**Exercise:** Using the data below, print exactly the line with "618 Southern Ave — Photo 36", the line with "نشست صمیمی دبیر جشنواره فیلم نوجوان", and every line between them, but none of the pictures.

**Data for processing:**
Segment Open
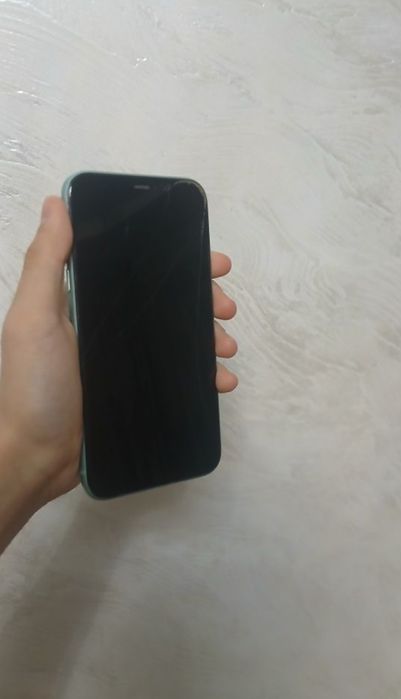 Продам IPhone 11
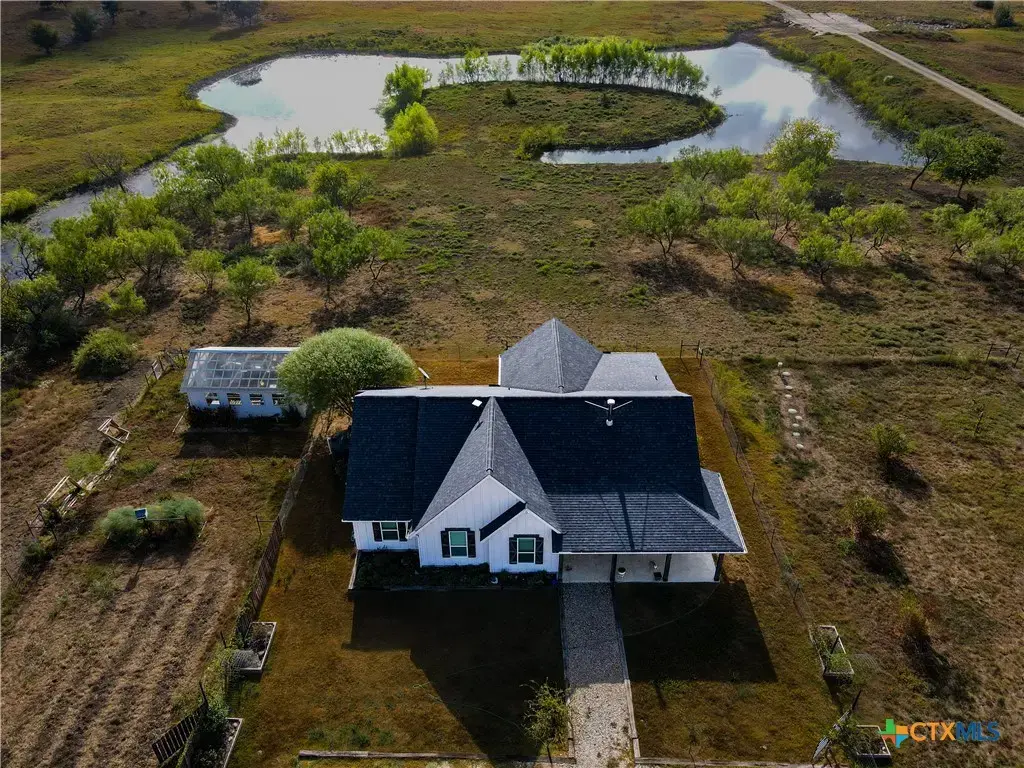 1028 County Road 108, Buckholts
Segment Closed
Segment Open
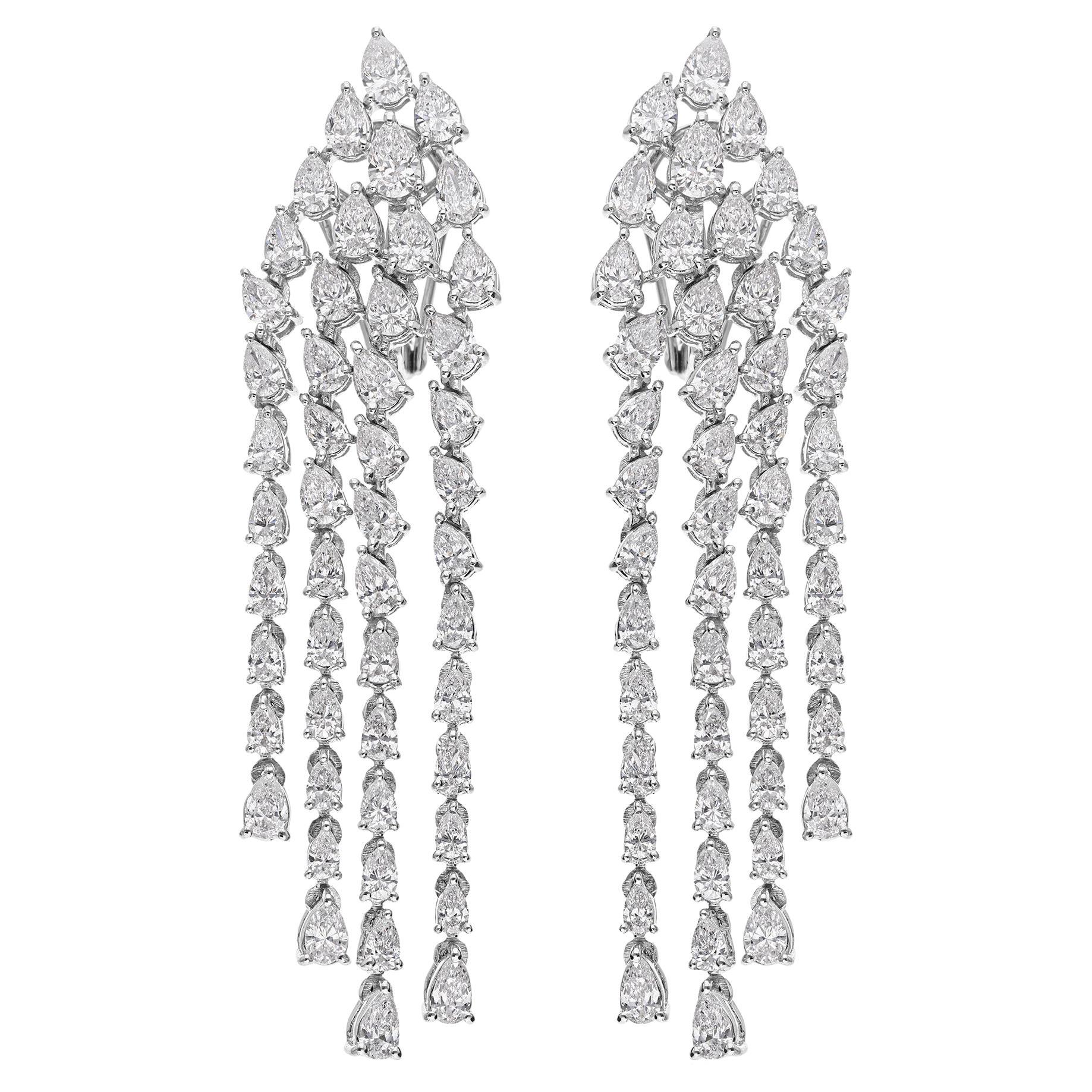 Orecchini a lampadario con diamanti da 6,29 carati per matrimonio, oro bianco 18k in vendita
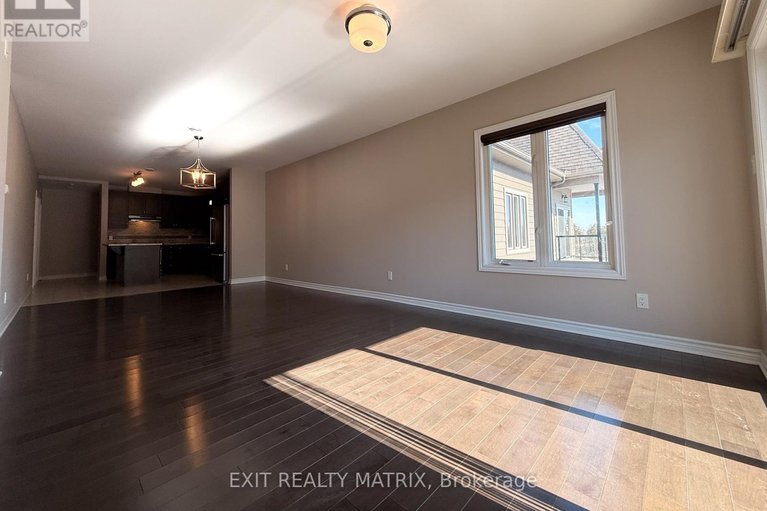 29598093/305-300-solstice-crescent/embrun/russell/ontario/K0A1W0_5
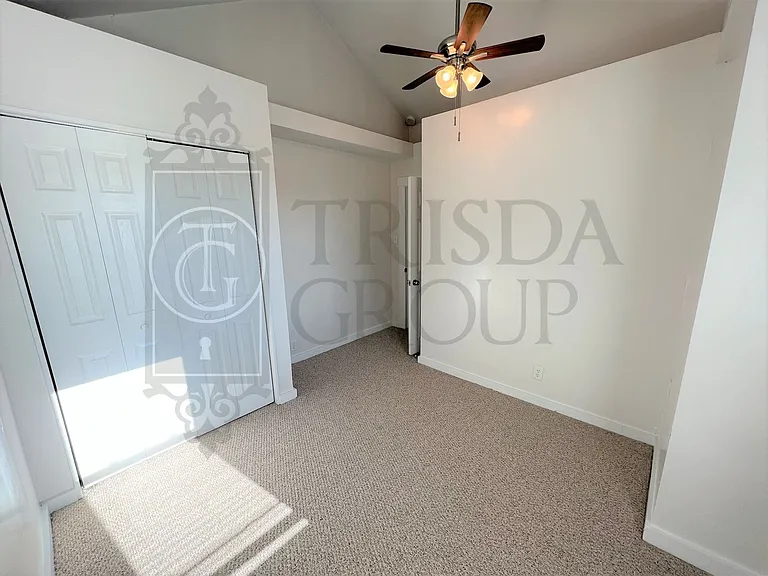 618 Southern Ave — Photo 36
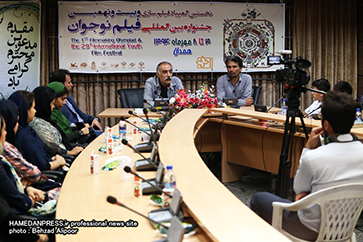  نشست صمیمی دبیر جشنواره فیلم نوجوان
Segment Closed
**Written response:**
 618 Southern Ave — Photo 36
  نشست صمیمی دبیر جشنواره فیلم نوجوان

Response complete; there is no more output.